Tudo o que ela precisava era de um colo. De um lugar para desmoronar. Tirar a armadura de mulher guerreira que veste quando sai para gritar nas ruas.

Antes, dizia ser uma mulher que tinha vida, gosto, prazer de fazer as coisas mais simples, como tomar uma cervejinha. Mas agora até a bebida ficou com gosto de dor, revolta e descontentamento.

– Aquela Maria Cristina, que era filha, irmã, mãe, não existe mais. Essa que está na sua frente é a Maria Cristina que luta por justiça. A outra eles mataram junto com o meu filho.

A filha, Sabrina, também lhe dá força e motivação para continuar. Apesar de ter apenas 12 anos, Cristina faz questão de levá-la às manifestações, debates e palestras. Ela gostaria de ter tido conhecimento desses temas quando mais nova. Infelizmente, teve de aprender da forma mais dura.

Além da companhia, a caçula assumiu a função de companheira. Hoje é ela quem faz cafuné para a mãe conseguir dormir.

São esses momentos que a mantém de cabeça erguida. Afinal, ela precisa ser vista, ouvida. Precisa de justiça. Mas também de carinho e amparo. De raiva, já basta a dela.

Enquanto espera a condenação dos assassinos do filho – os 12 agentes e os outros 19 que estiveram na ação, mas não se tornaram réus –, marca na pele a saudade e a revolta. Tatuou o nome do filho, um anjo debruçado sobre sua lápide e a frase que retrata a perda.

– Sua morte é a prova da injustiça humana.

Tinha vontade de tatuar uma fênix, mas ela não precisou. O desenho foi cravado em seu coração no dia 1º de dezembro de 2019.

– Fizeram a fênix em mim, porque quando eles mataram meu filho, tive que ressurgir das cinzas, do pó. Não fui eu, foram eles que tatuaram. É uma cicatriz para a vida toda – declarou com a voz embargada, fechando o punho direito e batendo-o contra o coração.

Mesmo dizendo que perdeu o sentido da própria existência, precisou se reerguer. Ela sente e sabe que tem uma missão a ser cumprida. E é por isso que continua, por ela, por Denys e para que outras mães não passem pelo mesmo.

– Quero conseguir dar sentido para minha vida, fazer trabalho social. Ajudar crianças, adolescentes e mães. Quando as mães se encontram, a gente compartilha a mesma dor.

Nos momentos sufocantes, uma prece também surge. Maria Cristina Quirino quer paz. Apenas um desejo. Uma palavra. Mas quando?

Simples: quando a verdade deixar de ser despedaçada.

"Mãe negligente". "Se estava no baile funk, não era boa gente". "Culpa da mãe". "Ele estava metido em coisa errada". Julgamentos mentirosos chegam nos comentários das redes sociais e nas ruas. A honra de Denys Henrique é rechaçada.

Ela não luta só por justiça, mas pela dignidade do filho, pelos 16 anos de boas memórias.

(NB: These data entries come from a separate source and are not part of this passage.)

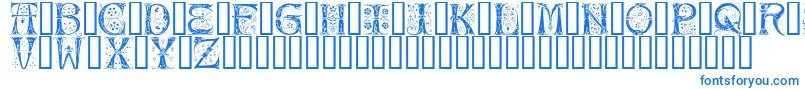 Silvus-Schriftart – Blaue Schriften auf weißem Hintergrund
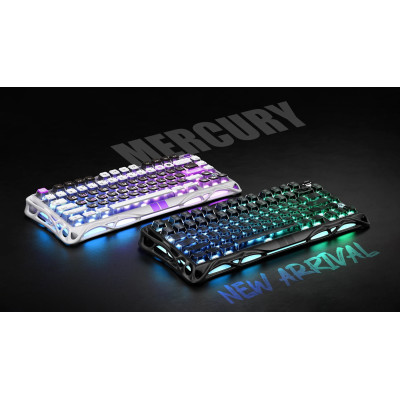 GravaStar Клавіатура механічна Mercury V75 80keys, Magnetic Jade Pro, 8K, USB-A, RGB, Mecha Gray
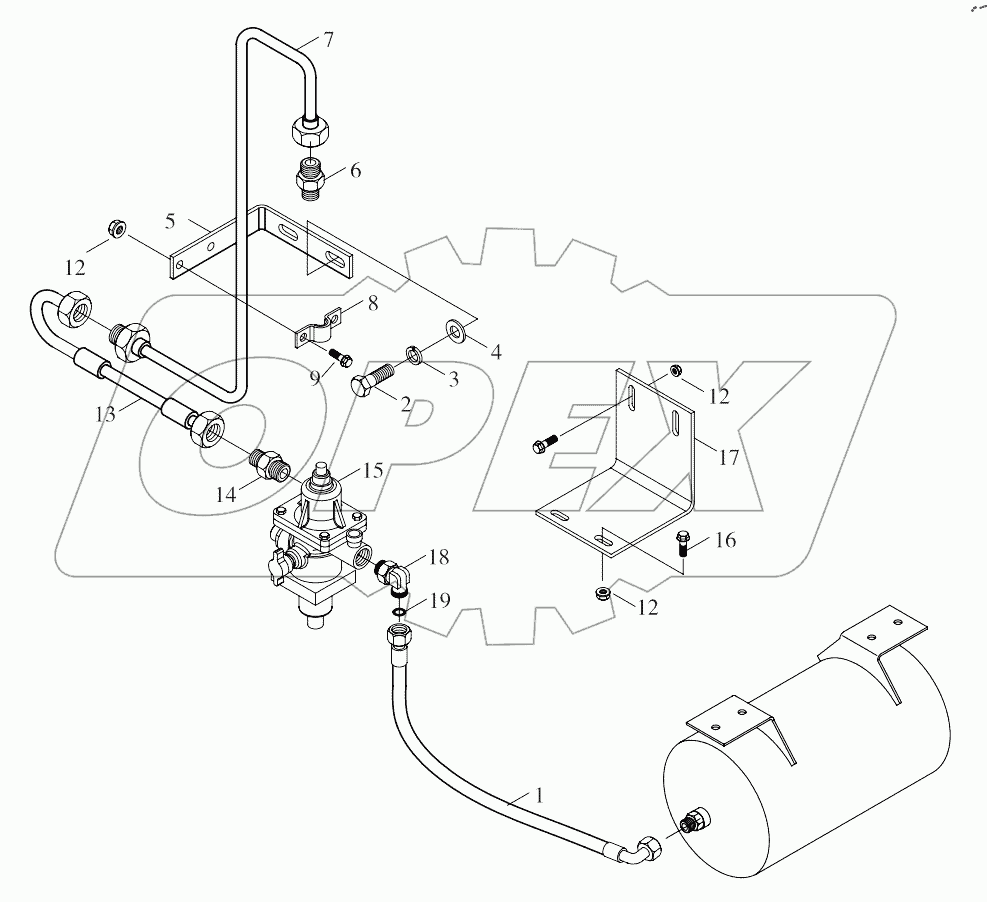  9B650-35A000000A0 Brake pressure system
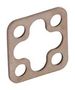 FLAT GASKET, EPDM, RECTANGULAR CONN GSA 200-7 EPDM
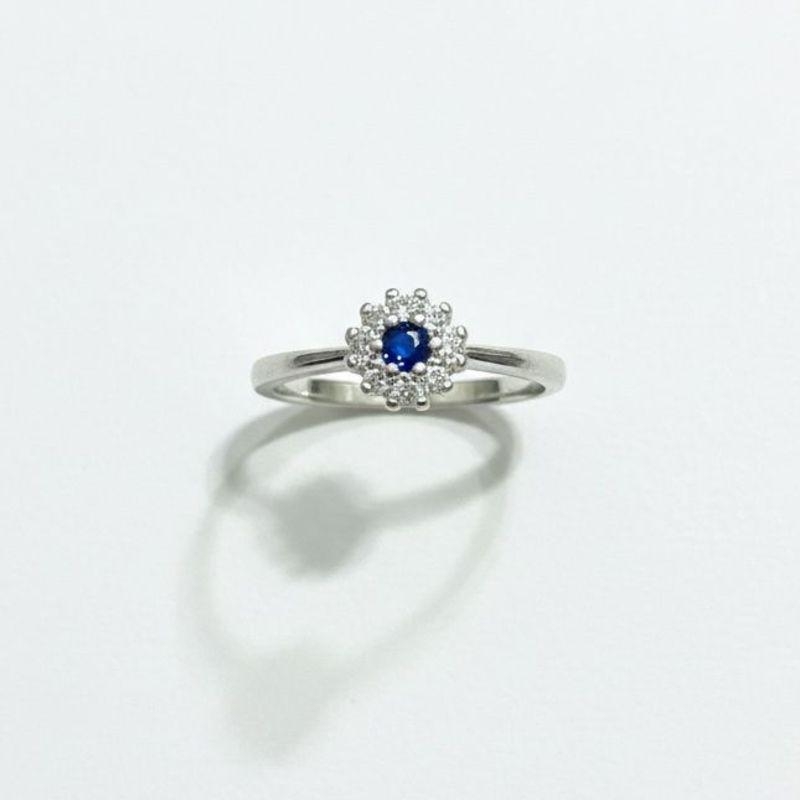 ANEL FORMATURA C/ ZIRC. SAFIRA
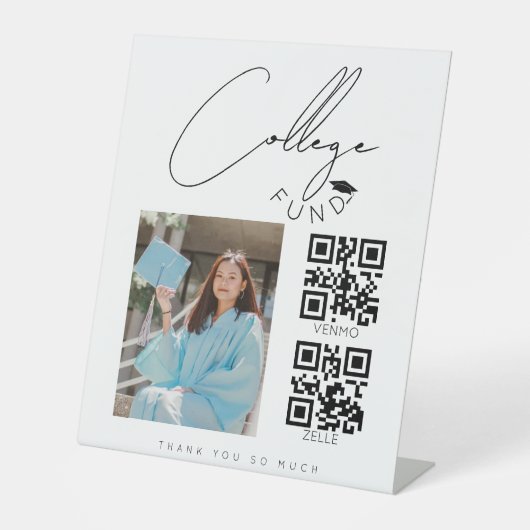 Photo personnalisée code qr panneau du fonds de di (Recto)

O duelo entre a luta e a paz está entrelaçado, junto com os seus trabalhos, como pesquisadora do CAAF, nas pesquisas em campo, nas participações de fóruns e manifestações. O resultado só o futuro dirá.

Mas enquanto enfrenta seus oponentes, Cristina se agarra em todas as crenças possíveis, na fé. Tenta encontrar seu menino em todos os lugares.

– Passei a acreditar em coisas que não acreditava antes.

O Espiritismo é um dos seus novos caminhos para a paz. Está na expectativa de receber uma carta psicografada do filho. Enquanto isso, tira força dos sonhos, cada vez mais reais, que tem com Denys quando coloca o rosto no travesseiro à espera daquele cafuné.

– Acordei de manhã, olhei para o lado e ele estava deitado do meu lado, dormindo, aquele sono lindo. Eu abri e fechei os olhos umas quatro vezes e falava "meu filho, está dormindo que nem um anjinho". Fui pegar meu celular para tirar foto, quando virei, já não estava mais – com um sorriso doce e melancólico, viajou o olhar pelas recordações.

O passado e o presente se misturam tentando afagar suas memórias. Mas a realidade sempre volta. A fome aumenta. Ele se foi. A fome machuca. Alguns vazios nunca vão ser preenchidos.

Mas, ela tem de continuar, por ela, pelos dois… Pelos quatro filhos.

Movimento
Saiba mais

O Movimento de Familiares das Vítimas do Massacre em Paraisópolis surgiu após a morte de 9 jovens no dia 1 de dezembro de 2019 no Baile da 17. O movimento luta contra as injustiças cometidas por policiais nesse caso cruel de assassinato.

Os familiares estão diariamente nas ruas promovendo atos, manifestações, palestras e discussões sobre a violência policial no estado de São Paulo e pedindo justiça pelo caso.